The road, a narrow two-lane highway winding between lush banks of jungle growth, required some attention. Lei still wasn’t over the thrill of owning her new Toyota truck, and she stomped on the gas just to feel the surge of power that answered. It wasn’t long before she pulled into the sandy parking lot at Pine Trees Park in Hanalei.
She got out of the pickup and walked over to a picnic table that overlooked the ocean, doing a slow scan of the park. Decrepit, graffitied bathrooms and an outdoor shower occupied an open area among the towering ironwoods, a fast-growing timber brought over from Australia. Long, swaying needles shushed in the light breeze, waving over the empty expanse of lawn and beach. Behind the park, deeply shadowed valleys rose, cleft by waterfalls—a tapestry in shades of green.
No sign of anyone camping the length of the park. At midmorning on a weekday with no surf at the beach break, the area was deserted.
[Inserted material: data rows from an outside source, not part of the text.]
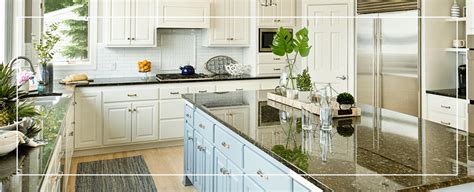 How to Pick a Backsplash to Match Your Countertops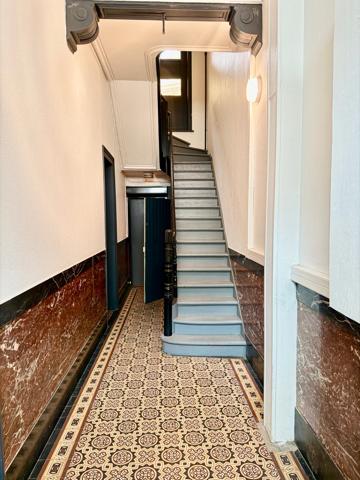 Immeuble 150 m² 2 etage(s)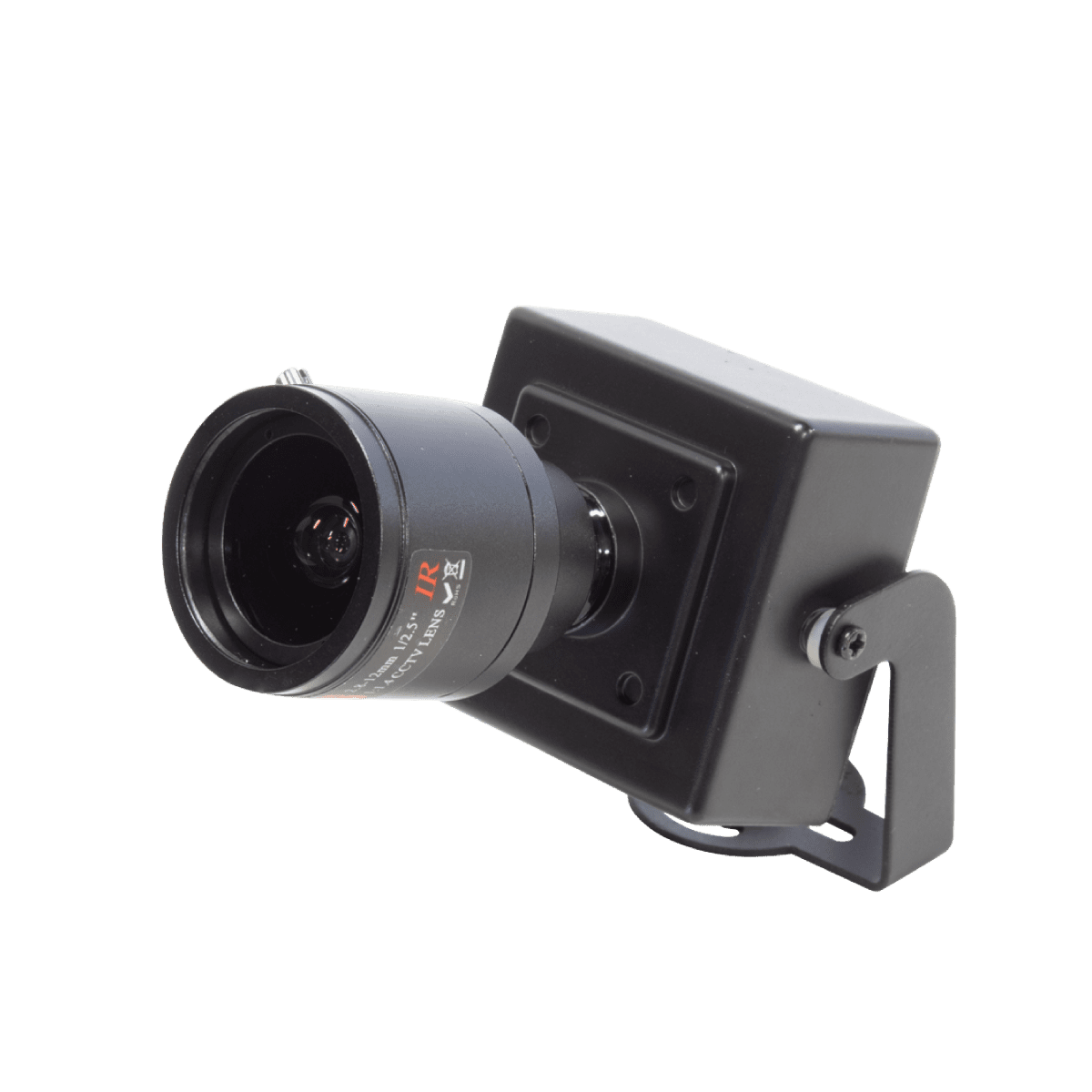 WTW-AM80HJ-4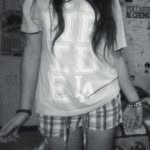 mara del carpio - @mara_new - Instagram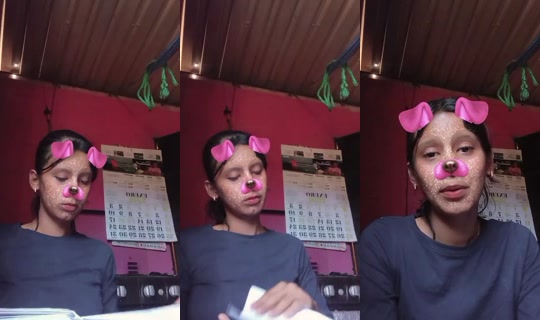 tuchaparritamilove Direkam pada 3 Mar 2026, 16.27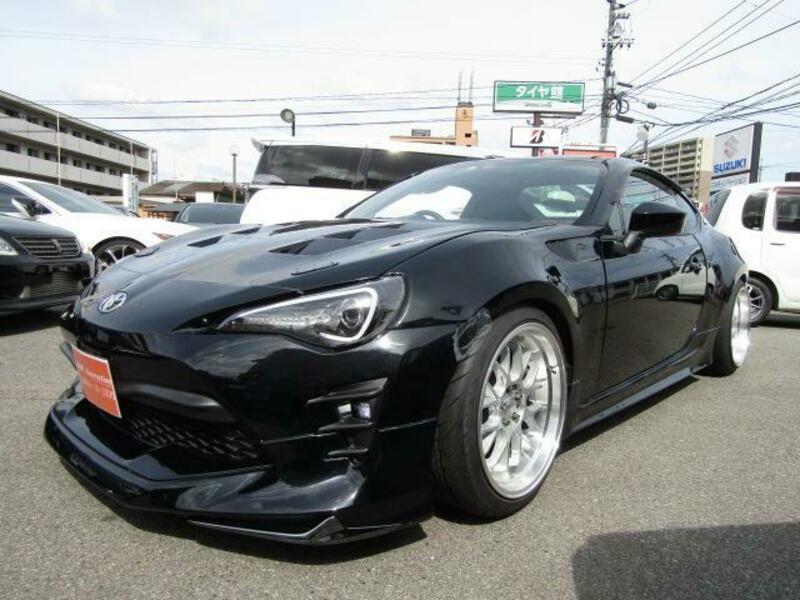 86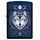 Zippo Anne Stokes Wolf 60003924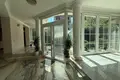 Особняк 10 комнат 640 м² София, Болгария
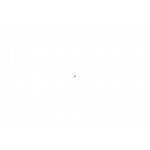 Кулька клапана форсунки 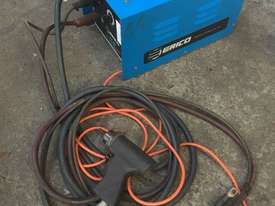 Erico Stud Welder - picture0' - Click to enlarge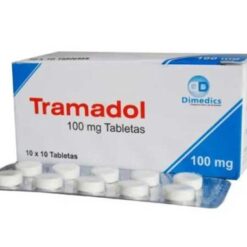 Buy tramadol online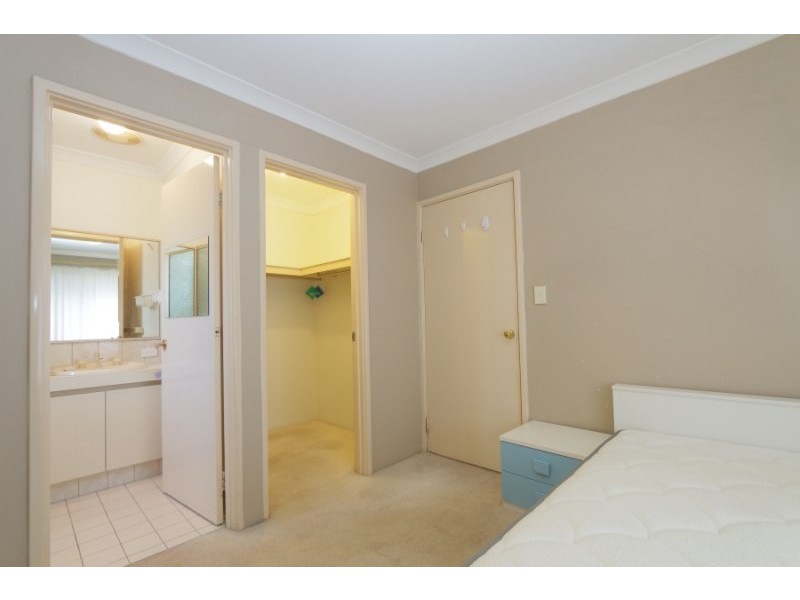 48 McLean Road, Canning Vale WA 6155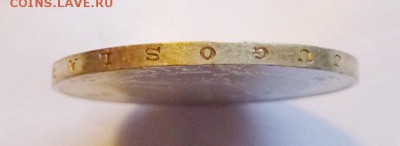 до 22-00мск 10.10.17 - P1030467.JPG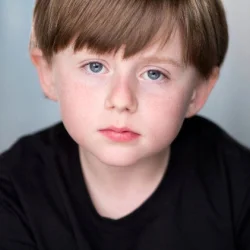 Isaac Highams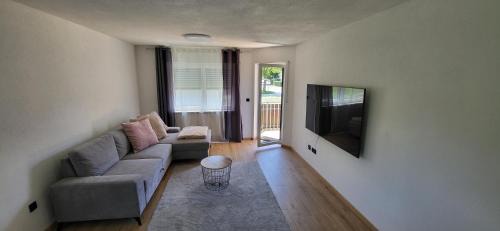 Crailsheim Apartment | Gemütliche 3 Zimmerwohnung in Crailsheim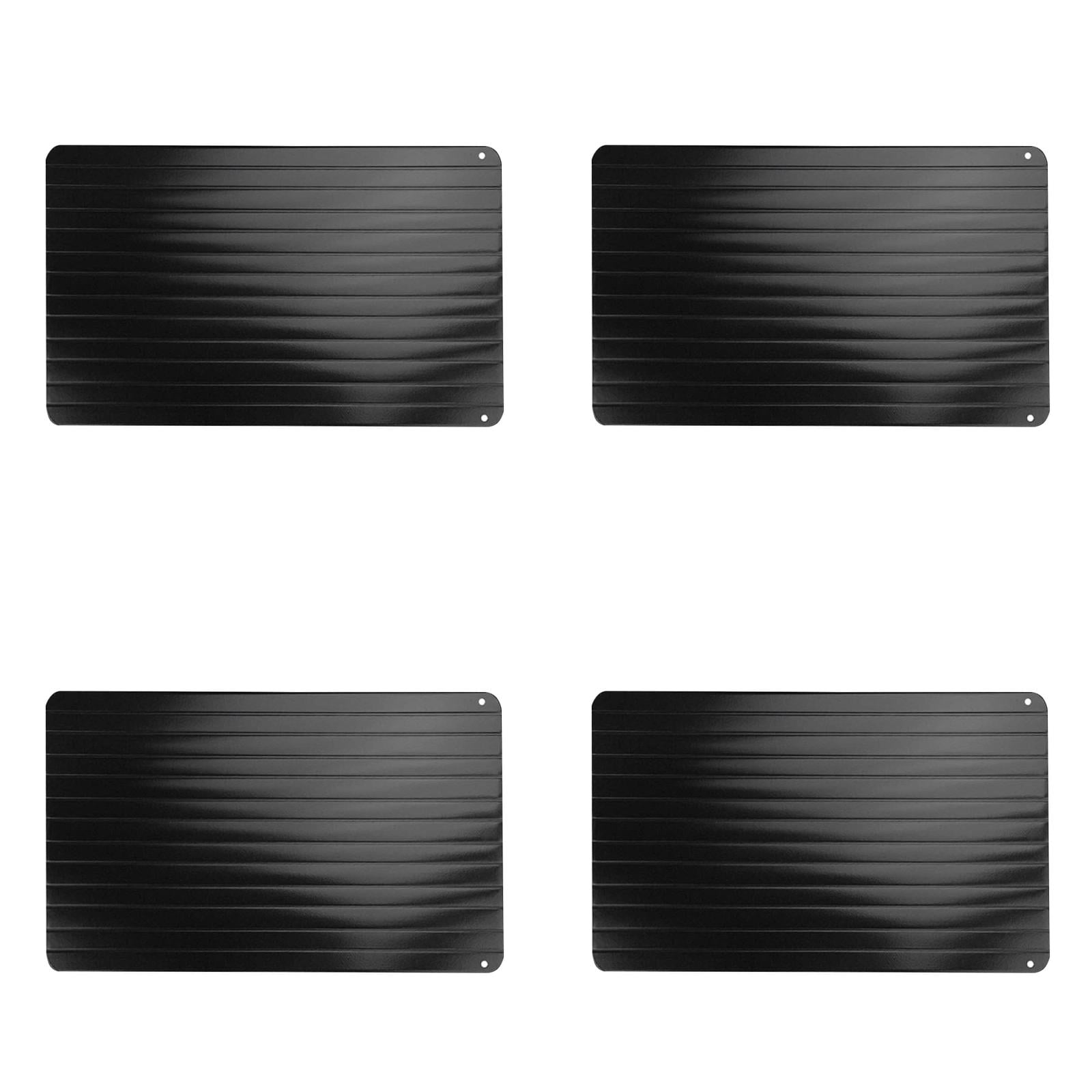Defrosting Plate Quick Defrosting Plate Quick Defrosting Plate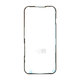 LCD Dichtungs-Klebestreifen für iPhone 15, 2UUL SA15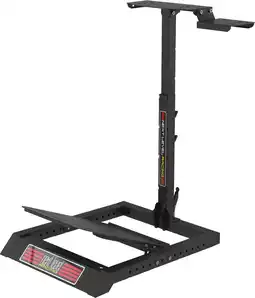 Alternate Next Level Racing Wheel Stand LITE houder aanbieding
Lei leaned over the edge of the table, examining the sandy dirt underneath. She could see a dented shape where someone had lain—the same spot she’d seen the park crasher the day before. That must have been Jay Bennett—and this had to be where Kelly had found the slipper.
The hairs rose on the back of Lei’s neck.
She scanned the ground all around but saw nothing more. She got out her little digital Nikon and photographed the area. Snapping on a pair of gloves, she peered into the nearby metal trash barrel, reaching in and pulling up a sleeping bag clearly in need of a wash. Underneath it was another slipper and a backpack. She photographed the items in the can, then hauled it all out and took it over to the picnic table, setting the items down on the tabletop and upending the backpack.
Out fell a tin of hand-rolled joints, pepper spray, matches, a bathroom kit with toothbrush, soap, comb, and a wad of cash in an inside pocket, an old-fashioned journal with a hasp, a couple of pens, canteen, and flashlight. She photographed the items on the table and the trash barrel for reference.